──────── PROVIDED RECORDS ────────

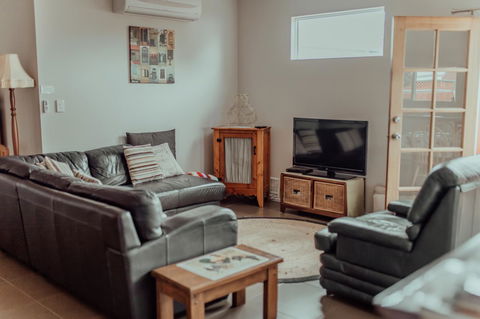 Bluebird Cottage - Kingaroy Accommodation 18
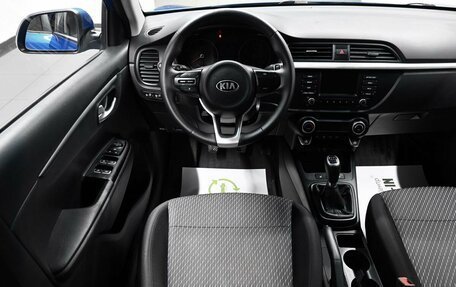 KIA Rio IV, 2017 год, 795 000 рублей, 12 фотография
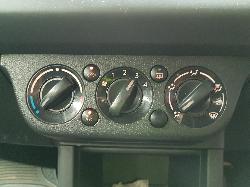 View Auto part Heater/Ac Controls Suzuki Swift 2009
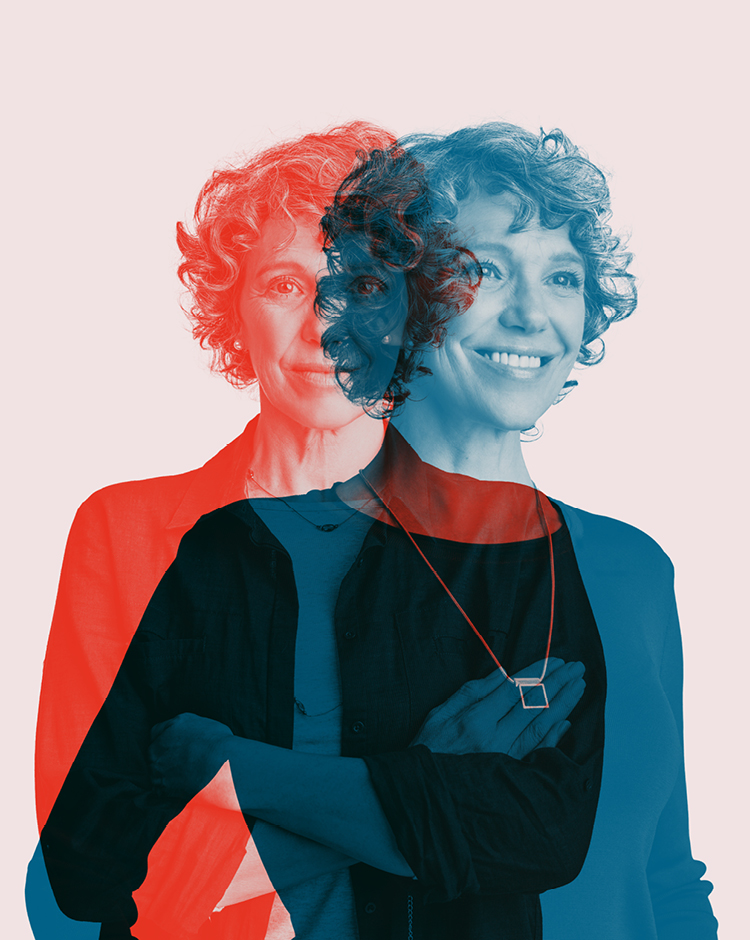 Frau mit Locken in blauer und roter Farbe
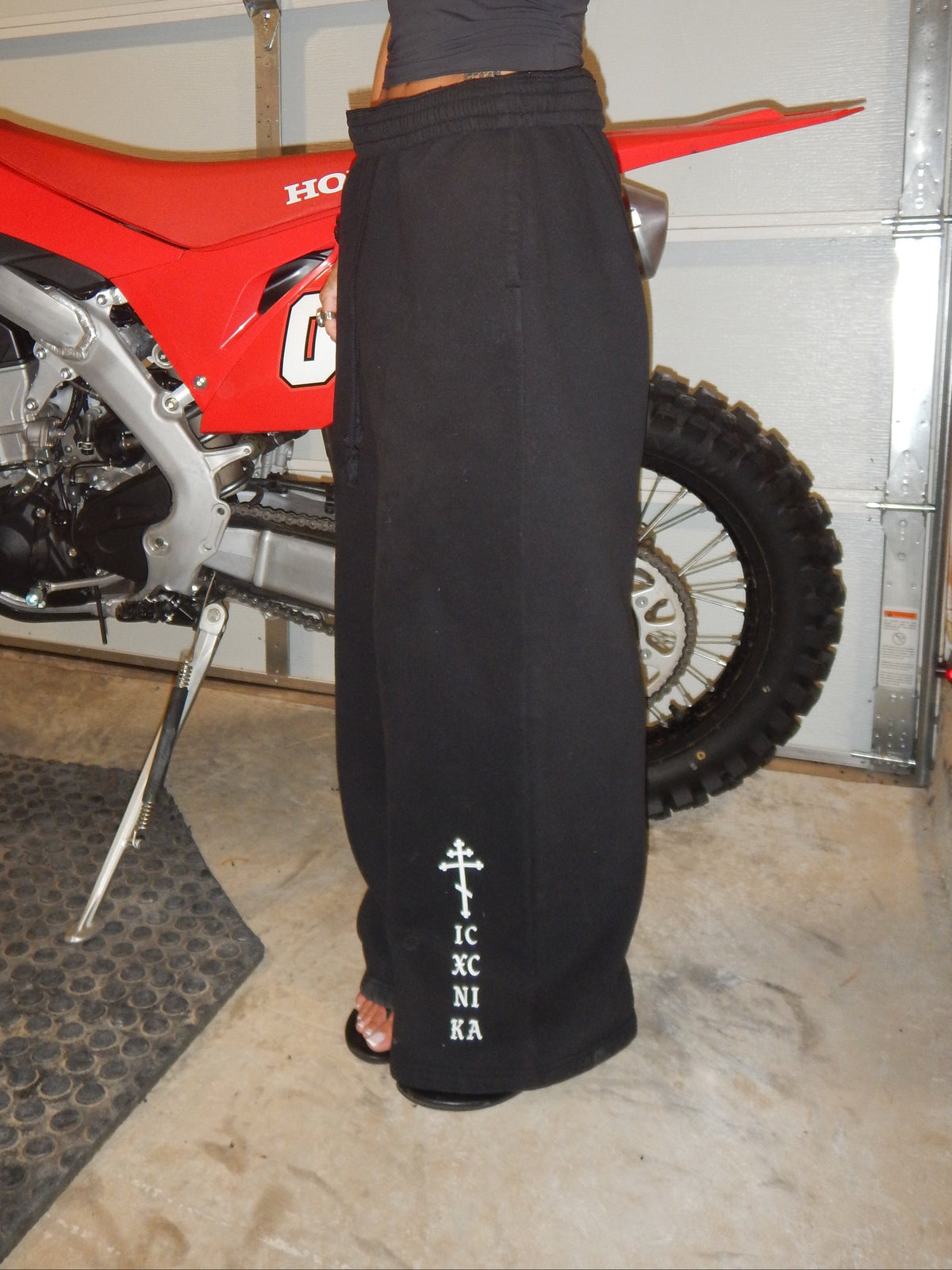 "Conquered" Sweatpants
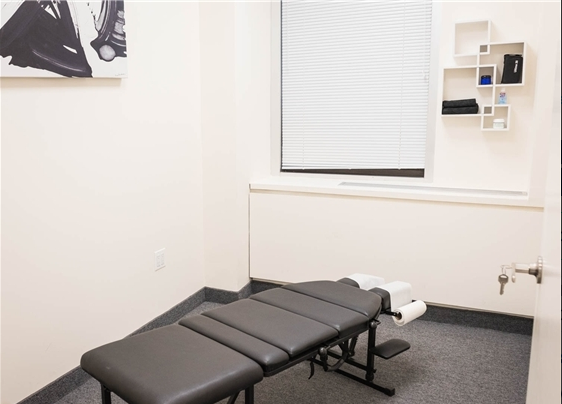Active Physical Therapy & Chiropractic Group photo 3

────────

WHAT YOU HAVE TO DO: Set down exactly, from the line that contains "View Auto part" through the last line of the data, each line as it stands, and leave the pictures out.

ANSWER SECTION:
 View Auto part Heater/Ac Controls Suzuki Swift 2009
 Frau mit Locken in blauer und roter Farbe
 "Conquered" Sweatpants
Active Physical Therapy & Chiropractic Group photo 3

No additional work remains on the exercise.